Pindrop sei zwar ein noch junges Unternehmen, arbeite aber bereits mit mehrere Großbanken zusammen, sagt Balasubramaniyan. Es analysiert für die Banken Anrufe von Kunden und kennzeichnet diejenigen, in denen es einen Betrugsversuch vermutet. Eine weitere Version des Pindrop-Systems, die noch nicht veröffentlicht ist, berechnet sofort nach Eingang eines Anrufs einen „Risikofaktor“. Das könnte auch dazu führen, dass Kunden weniger Sicherheitsabfragen beantworten müssen, wenn das Audiomuster der Verbindung als vertrauenswürdig erkannt wird.

Dass Anrufe aus unterschiedlichen Netzen und Ländern verschieden klingen können, hat jeder schon erlebt. Offensichtlich ist auch der Unterschied zwischen einem Anruf aus dem Festnetz und via Skype. Aber auch aus jeder anderen Kette von Technologien, die an einem Gespräch beteiligt sind, lässt sich ein charakteristisches „Leitungsrauschen“ ermitteln, wie Pindrop das jeweilige Audiomuster nennt.

In der Software des Start-ups sind verschiedene Arten von Leitungsrauschen gespeichert. Die älteren Netze in Westeuropa klängen deutlich anders als die in Afrika, sagt Mustaque Ahamad, Professor am Georgia Institute of Technology und Leitender Wissenschaftler von Pindrop. Da die Gespräche durch einen Flickenteppich von Telekommunikations systemen geleitet werden, könne man aus deren Signaturen im Rauschen sogar die Ausgangsregion eines Anrufs abschätzen.
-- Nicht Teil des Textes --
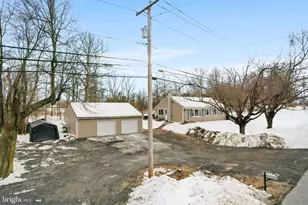 1924 Big Rd, Gilbertsville, PA 19525 - Photo 5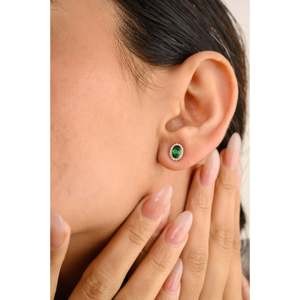 Boucles d'oreilles clous en or blanc 14 carats avec tourmaline verte taille coussin et halo de diamants - Product Image 4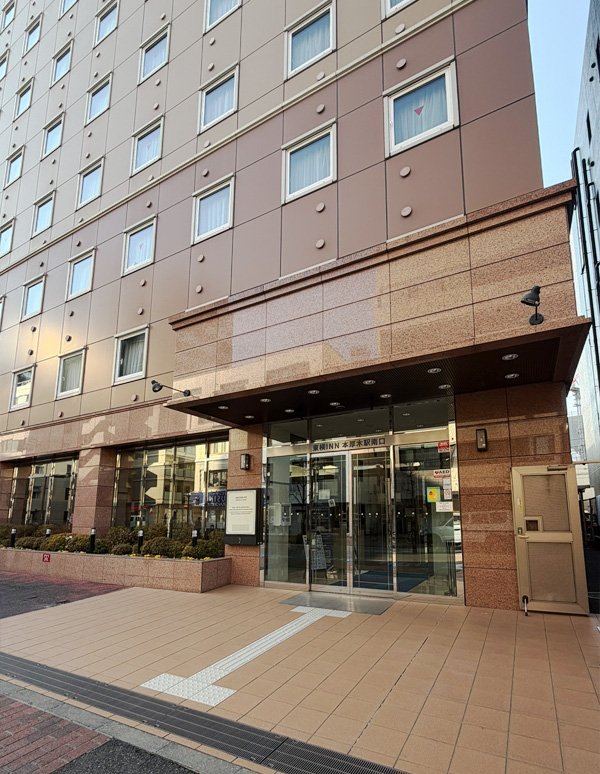 本厚木駅:東横INN本厚木駅南口の外観写真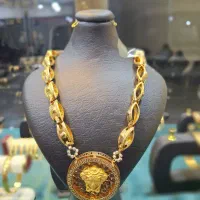 گردنبدن ورساچ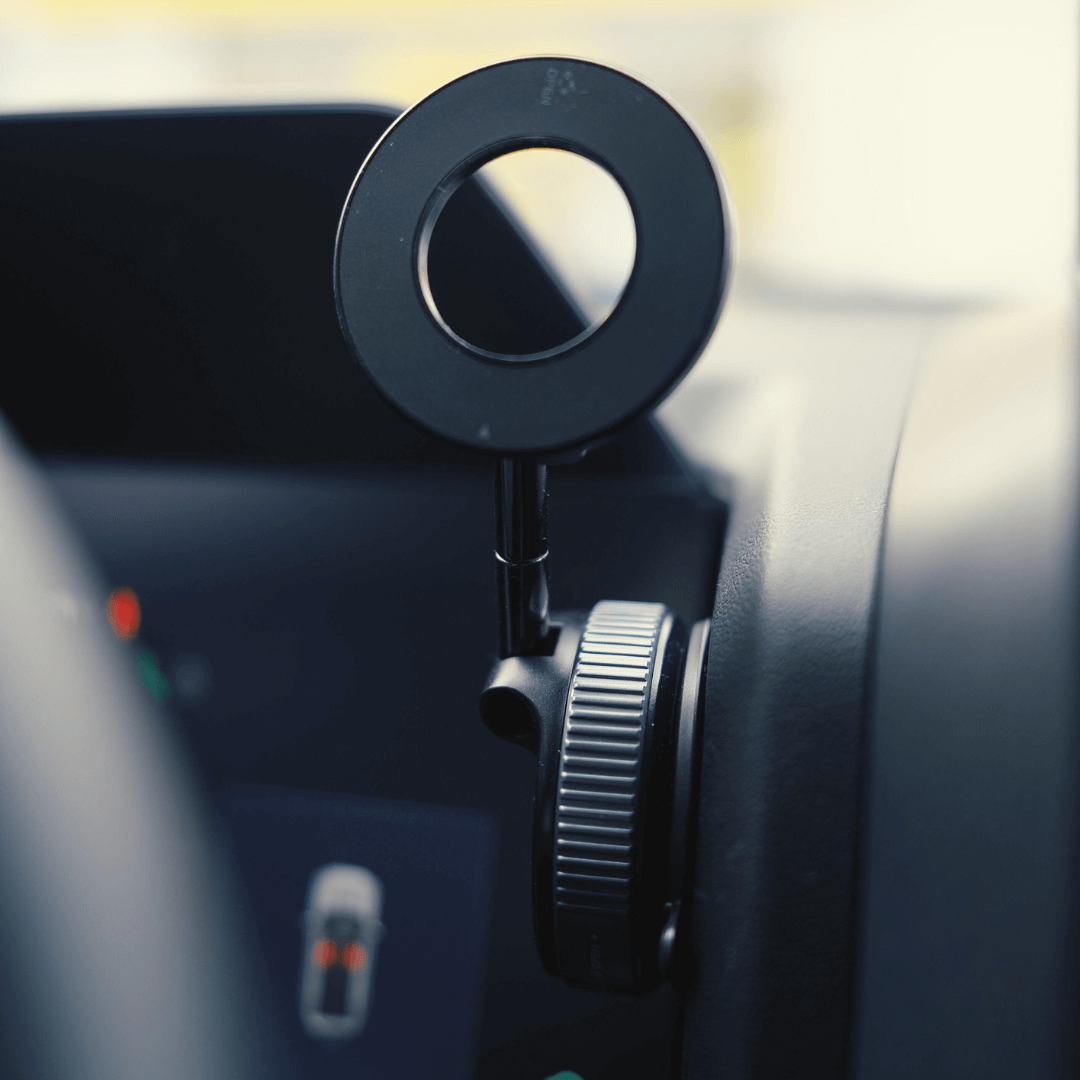 Magwink K007  Vacuum Magnetic Phone Holder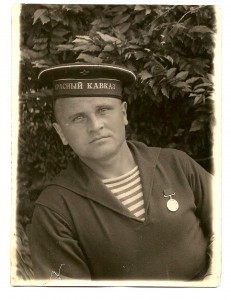 7 Фото. Моряк с Кр. "КРАСНЫЙ КАВКАЗ" + экипаж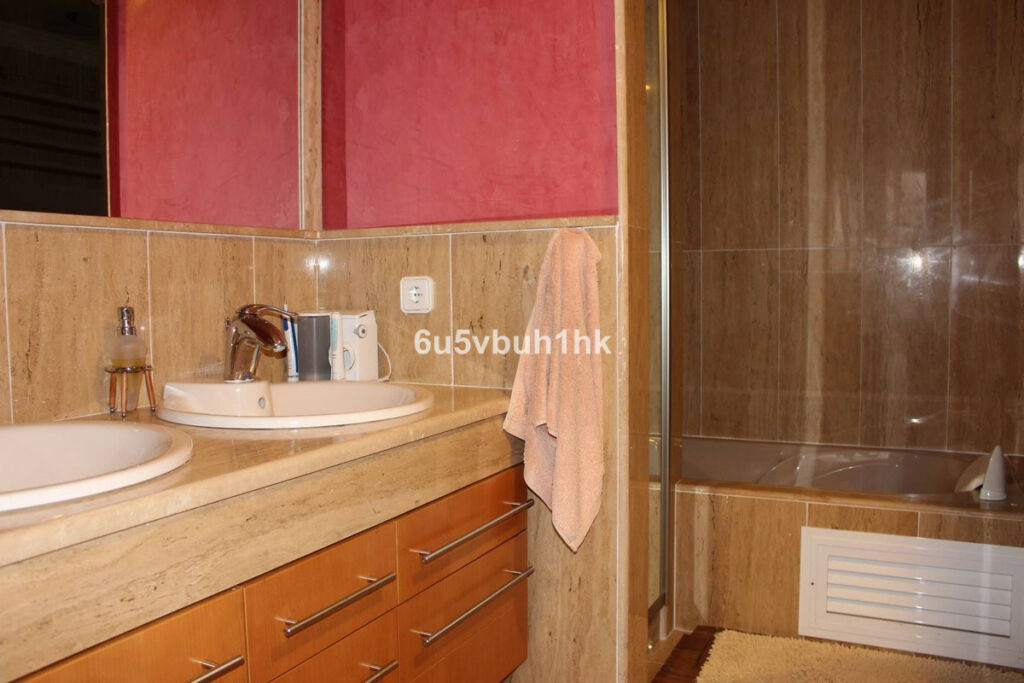 Middle Floor Apartment Manilva Málaga - image 34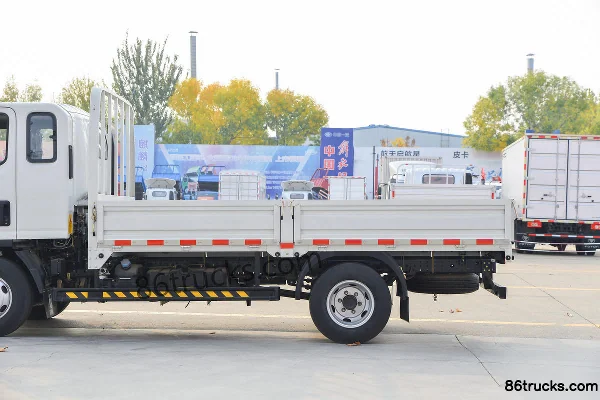 Kama Kaijie M1 115hp 4X2(6 wheels) 3.83m Semi-row Flatbed Light Truck Body (2) | 86Trucks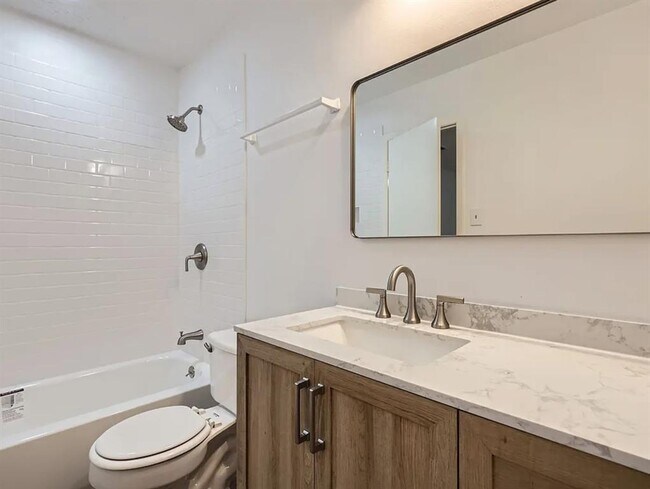 Foto del edificio - 1301 Hollow Creek Dr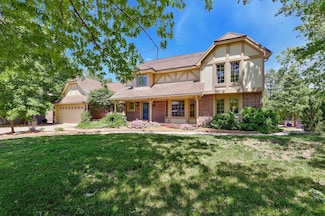 2530 N Greenleaf Ct, Wichita, KS 67226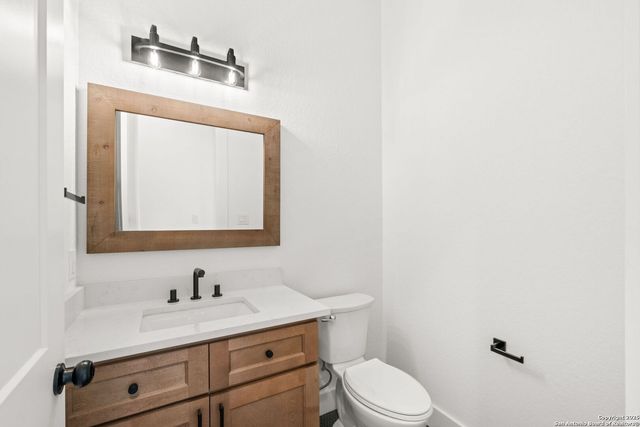 115 Dowdy, San Antonio, TX 78204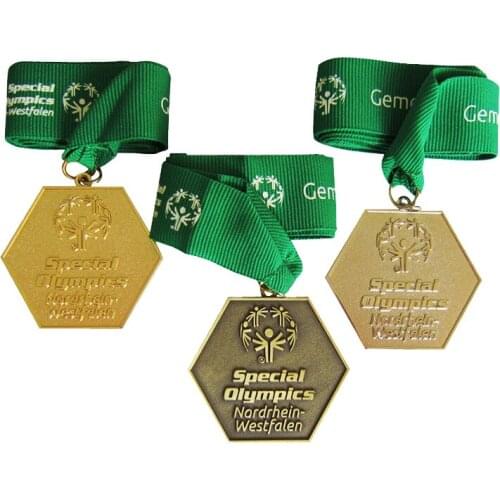 Manufacturer custom diamond medal electroplating paint square medal k20041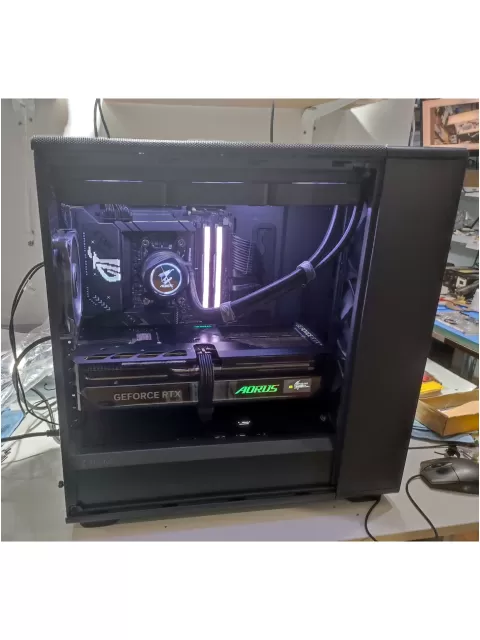 מחשב גיימינג מקצועי - AMD Ryzen 9 9950X3D + RTX 5080 16GB VRAM + 64GB RAM - G-PRO-909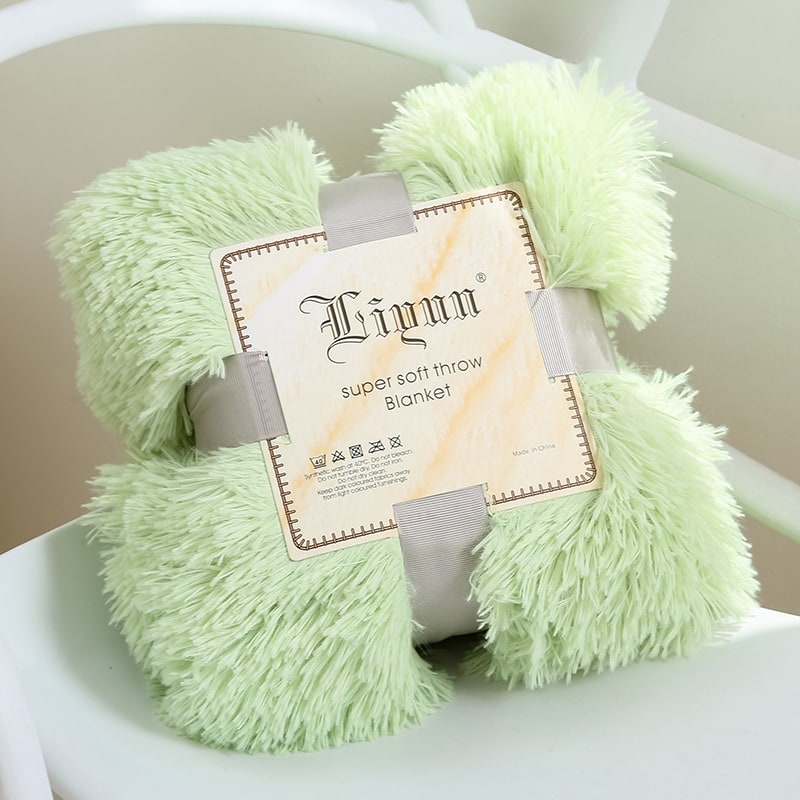 Faux Fur Throw Blanket with Soft Plush Long Pile Shaggy Texture for Cozy Bedding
Sogar die jeweilige Software, mit der Netzbetreiber die Daten von Anrufen heute verarbeiten, hinterlasse eine Spur. Ob ein Anruf 100 Meilen näher oder entfernter starte, ändere bereits die Signatur, sagt Ahamad. Bislang kann Pindrop die Ausgangsregion allerdings nur grob einkreisen.

Für Betrüger sei es sehr schwer, ein Leitungsrauschen zu fälschen, versichern Ahamad und Balasubramaniyan. Es reiche auch nicht, vom Handy ans Festnetzgerät zu wechseln, weil dadurch bei einem Ferngespräch die Signatur nur unwesentlich verändert werde. Denn der größte Teil der Verbindung wird über dieselbe Infrastruktur abgewickelt.

Um das Leitungsrauschen deutlich zu ändern, müsste ein Betrüger schon die Netzbetreiber überreden, ihr technisches Equipment auszutauschen. Pindrop hat laut Ahamad bereits eine umfangreiche Datenbank mit charakteristischen Signaturen für Verbindungen aus bekannten Betrugsfällen aufgebaut.